In a certain code, "13" means "stop smoking" and "59" means "injurious habit". What are the meanings of the single digits "9" and "5" respectively in this code? Statement I: "157" means "stop bad habit". Statement II: "839" means "smoking is injurious".

Difficulty: Medium

Correct Answer: If the data either in statement I alone or in statement II alone are sufficient to answer the question.

Explanation:


Introduction / Context:
This is a data sufficiency question based on a simple code language for words and digits. You are not asked to find the full code dictionary, but only to decide whether the given statements provide enough information to determine the meanings of the digits 9 and 5 individually. In data sufficiency, the focus is on judging sufficiency, not doing unnecessary computation, so you must be precise about what each statement allows you to deduce.


Given Data / Assumptions:
- From the main information: "13" means "stop smoking".
- From the main information: "59" means "injurious habit".
- We must find the meanings of "9" and "5" respectively.
- Statement I: "157" means "stop bad habit".
- Statement II: "839" means "smoking is injurious".
- Each digit corresponds to exactly one word, and each word corresponds to exactly one digit within this code system.


Concept / Approach:
The logical method is to use intersections: whenever two codes share a digit, the corresponding messages must share a word, and that digit must stand for that word. By comparing the messages for different codes, we can progressively map digits to words. For data sufficiency, we check what can be deduced using the original information plus statement I alone, and then using the original information plus statement II alone. If either set is enough by itself, the correct option is the one that reflects that level of sufficiency.


Step-by-Step Solution:
Step 1: Use statement I with the base information. "13" → "stop smoking" and "157" → "stop bad habit". The common word is "stop", and the common digit is "1". Thus, digit 1 stands for "stop". Step 2: From the main information "59" → "injurious habit", we know digits 5 and 9 represent "injurious" and "habit" in some order. Step 3: In "157" → "stop bad habit", the remaining words are "bad" and "habit", and the remaining digits are 5 and 7. Since "habit" appears in both "59" and "157", but only digit 5 is common to those two codes, digit 5 must stand for "habit". Step 4: Once 5 is mapped to "habit", in "59" the only remaining word is "injurious", so digit 9 must stand for "injurious". Thus, using statement I with the base information, we can determine both meanings, so statement I alone is sufficient. Step 5: Now test statement II separately with the base information. "13" → "stop smoking" and "839" → "smoking is injurious". The common word is "smoking", and the common digit is 3, so 3 stands for "smoking". Step 6: Compare "59" → "injurious habit" and "839" → "smoking is injurious". The common word is "injurious", and the common digit is 9, so 9 stands for "injurious". Once again, in "59" the remaining word is "habit" and the remaining digit is 5, so 5 stands for "habit". Statement II alone, combined with the base information, is also sufficient.

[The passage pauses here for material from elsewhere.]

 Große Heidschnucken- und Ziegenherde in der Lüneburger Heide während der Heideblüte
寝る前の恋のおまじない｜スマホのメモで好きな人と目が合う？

Verification / Alternative check:
In both analyses, we derived the same mapping: 9 corresponds to "injurious" and 5 corresponds to "habit". This consistency confirms that each individual statement, when used with the general information, is independently strong enough to answer the original question. There is no contradiction between the statements, and using both together does not add any new necessary information beyond what each already gives on its own.

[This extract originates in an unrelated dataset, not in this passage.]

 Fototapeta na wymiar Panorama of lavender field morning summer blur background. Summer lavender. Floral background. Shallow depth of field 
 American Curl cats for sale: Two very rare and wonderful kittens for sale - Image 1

Why Other Options Are Wrong:
- Option a is wrong because statement I is indeed sufficient, but so is statement II; it is not the case that only I works.
- Option b is wrong for the symmetric reason: statement II is sufficient, but so is statement I.
- Option d is wrong because both statements together are not needed; each is already enough by itself.
- Option e is clearly wrong because the data are more than sufficient to answer which words digits 9 and 5 represent.


Common Pitfalls:
One common mistake is to forget that the base information about "13" and "59" is always available, even when you are judging each statement separately. Another pitfall is to assume that you must use both statements together just because they are provided, rather than testing each one independently. It is also easy to mix up which digit corresponds to which word if intersections are not carefully tracked.


Final Answer:
Each statement, taken separately with the given code information, is sufficient to determine that 9 means "injurious" and 5 means "habit". Therefore, the correct data sufficiency choice is option C, which states that either statement alone is sufficient.